7.02 Similarity transformations

Lesson
Practice

Similarity transformations

When two figures are similar, we express this using a similarity statement and can identify the similarity ratio of each pair of corresponding sides.

Similarity ratio

The ratio of two corresponding side lengths in a pair of similar figures.

Similarity statement

A statement that indicates two polygons are similar by listing the vertices in the order of the correspondence.

Triangles A B C and D E F. Angles B and E are congruent.

The similarity statement for the triangles in the diagram shown is \triangle ABC \sim \triangle DEF.

Similarity statements can be written in any order which keeps corresponding vertices in order. For this example we could have written the similarity statement in several different ways, though it is most common to arrange the vertices in alphabetical order (when possible).

If two figures are similar, then their corresponding angles are congruent and corresponding sides are in equal proportion.

Exploration

Drag the blue points on the pre-image to explore how its image changes.

Loading interactive...
  1. What sequence of transformations could map the pre-image to the image?
  2. Does the sequence of transformations preserve the angles of the pre-image, the side lengths of the pre-image, or both the angles and the side lengths? How do you know?

When a sequence of transformations is made up of rigid transformations, we can say that the image is congruent and therefore similar to its pre-image. The side lengths and angle measures of the pre-image are preserved.

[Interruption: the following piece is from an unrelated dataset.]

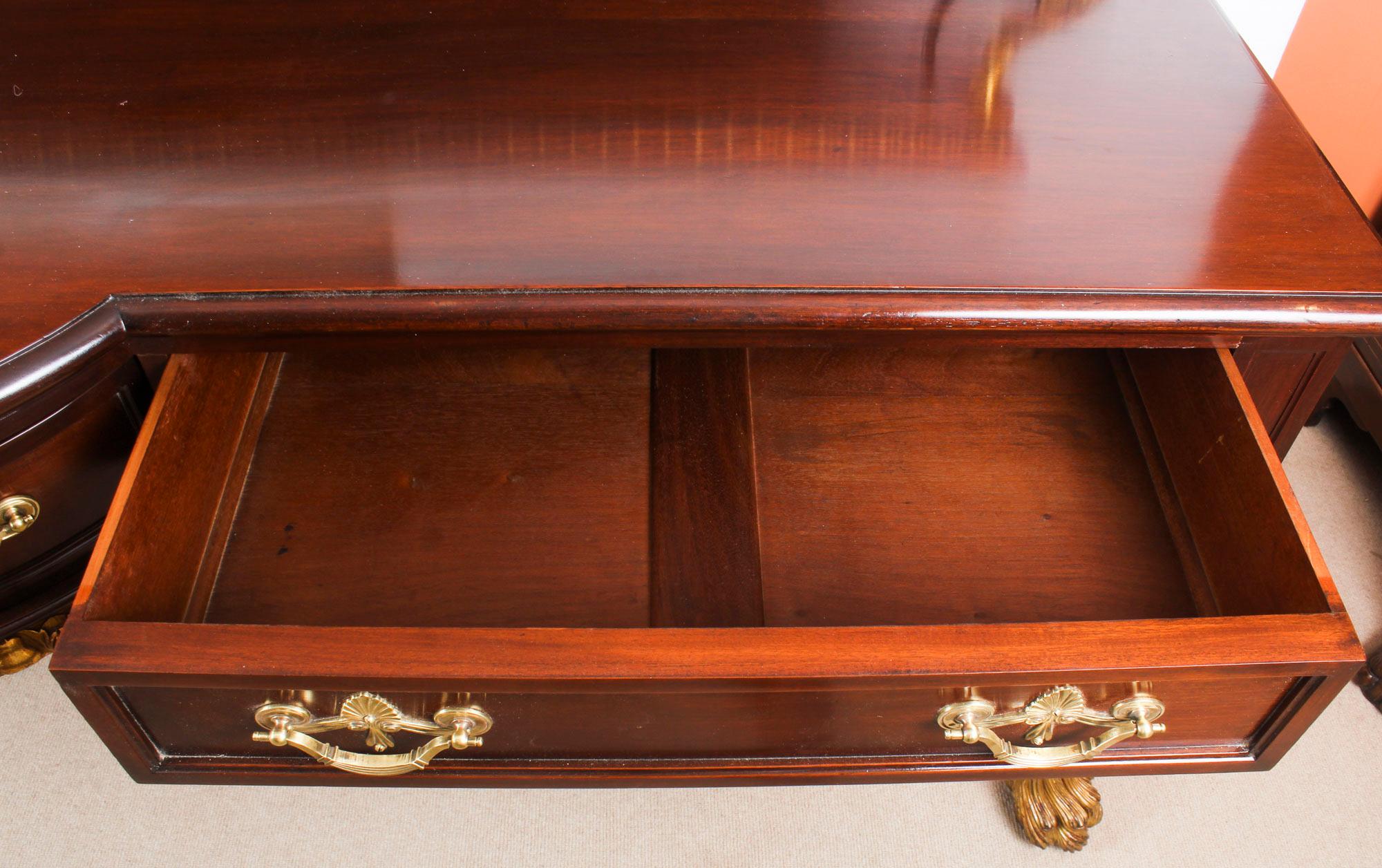 Antique Pair of Mahogany and Gilt Serving Tables, 19th Century 9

Two figures are said to be similar if there exists a similarity transformation which maps the pre-image to the image.

Similar

Two figures are similar if their corresponding angles are congruent and their corresponding sides are proportional

Similarity transformation

A series of one or more transformations which results in the image being similar to the pre-image

Rotations, reflections, and translations all result in an image congruent to the pre-image. Since all congruent figures can be considered similar with a ratio of 1:1 (that is, with a scale factor of k=1), these are all similarity transformations as well.

As a dilation enlarges or reduces a shape, the image and pre-image's corresponding angles will be congruent, and the corresponding sides will be proportional. This means that dilations are also similarity transformations. Any combination of these four transformations will maintain similarity.

Examples

Example 1

The following sequences of transformations are applied to figure ABCD. Without performing the transformations, determine whether each final image will be similar, congruent, or both. Explain your reasoning.

a

A reflection across the x-axis followed by a rotation 90 \degree clockwise about the origin.

Worked Solution
Create a strategy

A reflection across the x-axis has a transformation mapping: (x,y) \to (x, -y)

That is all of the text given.